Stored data
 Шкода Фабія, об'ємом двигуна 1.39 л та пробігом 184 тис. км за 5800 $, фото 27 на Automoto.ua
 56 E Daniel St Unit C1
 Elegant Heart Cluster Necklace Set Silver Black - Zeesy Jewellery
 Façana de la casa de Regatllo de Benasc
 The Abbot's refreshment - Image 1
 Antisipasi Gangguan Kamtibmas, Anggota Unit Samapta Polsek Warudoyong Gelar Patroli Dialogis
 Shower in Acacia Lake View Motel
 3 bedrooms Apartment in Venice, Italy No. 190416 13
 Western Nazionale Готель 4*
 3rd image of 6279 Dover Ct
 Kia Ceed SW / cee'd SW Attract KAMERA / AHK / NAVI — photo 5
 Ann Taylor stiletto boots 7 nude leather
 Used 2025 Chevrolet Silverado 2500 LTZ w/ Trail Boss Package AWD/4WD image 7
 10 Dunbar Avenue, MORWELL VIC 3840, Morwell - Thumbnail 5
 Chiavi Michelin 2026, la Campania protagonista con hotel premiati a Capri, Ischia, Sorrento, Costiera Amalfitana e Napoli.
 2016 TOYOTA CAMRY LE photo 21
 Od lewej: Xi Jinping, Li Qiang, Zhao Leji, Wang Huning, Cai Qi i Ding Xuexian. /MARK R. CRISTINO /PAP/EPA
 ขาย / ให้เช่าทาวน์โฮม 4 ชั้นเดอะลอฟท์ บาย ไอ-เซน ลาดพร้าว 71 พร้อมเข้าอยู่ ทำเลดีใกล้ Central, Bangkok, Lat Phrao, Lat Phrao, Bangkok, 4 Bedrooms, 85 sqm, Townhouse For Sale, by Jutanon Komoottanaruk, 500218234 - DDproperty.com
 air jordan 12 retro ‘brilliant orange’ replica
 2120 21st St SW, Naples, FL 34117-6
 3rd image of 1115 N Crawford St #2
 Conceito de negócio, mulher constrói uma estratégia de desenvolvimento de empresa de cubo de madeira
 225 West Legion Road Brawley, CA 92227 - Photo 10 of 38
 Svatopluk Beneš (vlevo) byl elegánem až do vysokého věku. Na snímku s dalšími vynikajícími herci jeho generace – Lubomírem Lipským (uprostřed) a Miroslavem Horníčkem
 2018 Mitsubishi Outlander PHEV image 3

WHAT YOU HAVE TO DO:
In full and without alteration, retype the entries above.

SOLUTION BELOW:
 Шкода Фабія, об'ємом двигуна 1.39 л та пробігом 184 тис. км за 5800 $, фото 27 на Automoto.ua
 56 E Daniel St Unit C1
 Elegant Heart Cluster Necklace Set Silver Black - Zeesy Jewellery
 Façana de la casa de Regatllo de Benasc
 The Abbot's refreshment - Image 1
 Antisipasi Gangguan Kamtibmas, Anggota Unit Samapta Polsek Warudoyong Gelar Patroli Dialogis
 Shower in Acacia Lake View Motel
 3 bedrooms Apartment in Venice, Italy No. 190416 13
 Western Nazionale Готель 4*
 3rd image of 6279 Dover Ct
 Kia Ceed SW / cee'd SW Attract KAMERA / AHK / NAVI — photo 5
 Ann Taylor stiletto boots 7 nude leather
 Used 2025 Chevrolet Silverado 2500 LTZ w/ Trail Boss Package AWD/4WD image 7
 10 Dunbar Avenue, MORWELL VIC 3840, Morwell - Thumbnail 5
 Chiavi Michelin 2026, la Campania protagonista con hotel premiati a Capri, Ischia, Sorrento, Costiera Amalfitana e Napoli.
 2016 TOYOTA CAMRY LE photo 21
 Od lewej: Xi Jinping, Li Qiang, Zhao Leji, Wang Huning, Cai Qi i Ding Xuexian. /MARK R. CRISTINO /PAP/EPA
 ขาย / ให้เช่าทาวน์โฮม 4 ชั้นเดอะลอฟท์ บาย ไอ-เซน ลาดพร้าว 71 พร้อมเข้าอยู่ ทำเลดีใกล้ Central, Bangkok, Lat Phrao, Lat Phrao, Bangkok, 4 Bedrooms, 85 sqm, Townhouse For Sale, by Jutanon Komoottanaruk, 500218234 - DDproperty.com
 air jordan 12 retro ‘brilliant orange’ replica
 2120 21st St SW, Naples, FL 34117-6
 3rd image of 1115 N Crawford St #2
 Conceito de negócio, mulher constrói uma estratégia de desenvolvimento de empresa de cubo de madeira
 225 West Legion Road Brawley, CA 92227 - Photo 10 of 38
 Svatopluk Beneš (vlevo) byl elegánem až do vysokého věku. Na snímku s dalšími vynikajícími herci jeho generace – Lubomírem Lipským (uprostřed) a Miroslavem Horníčkem
 2018 Mitsubishi Outlander PHEV image 3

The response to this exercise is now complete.